**What you have to do**
Leave out the images; return the rest of the data exactly.

━━━━━ Information provided ━━━━━

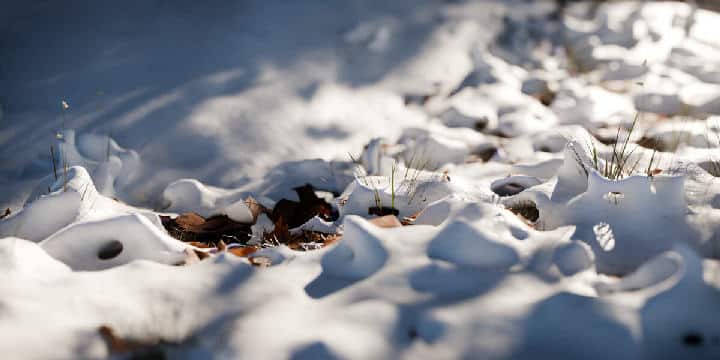 程序化积雪生成器 – Procedural Snow Generator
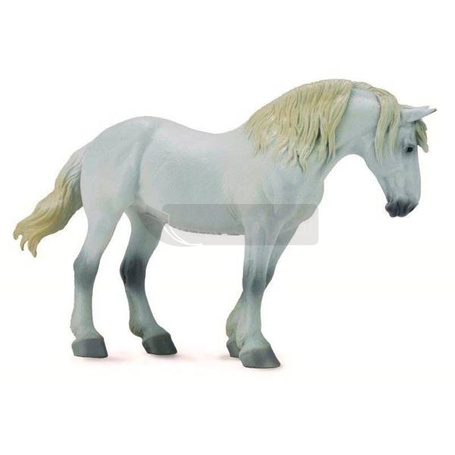 Klacz rasy Percheron Mare Grey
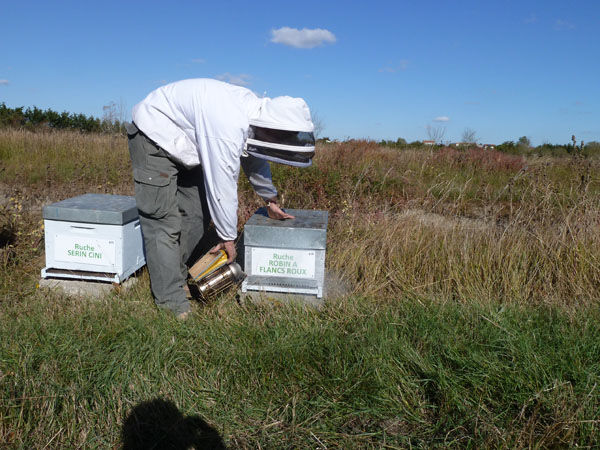 La ruche Robin a flancs roux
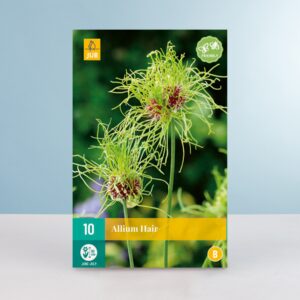 Allium 'Hair' - 10 Zwiebeln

━━━━━

**Exercise result**
 程序化积雪生成器 – Procedural Snow Generator
 Klacz rasy Percheron Mare Grey
 La ruche Robin a flancs roux
 Allium 'Hair' - 10 Zwiebeln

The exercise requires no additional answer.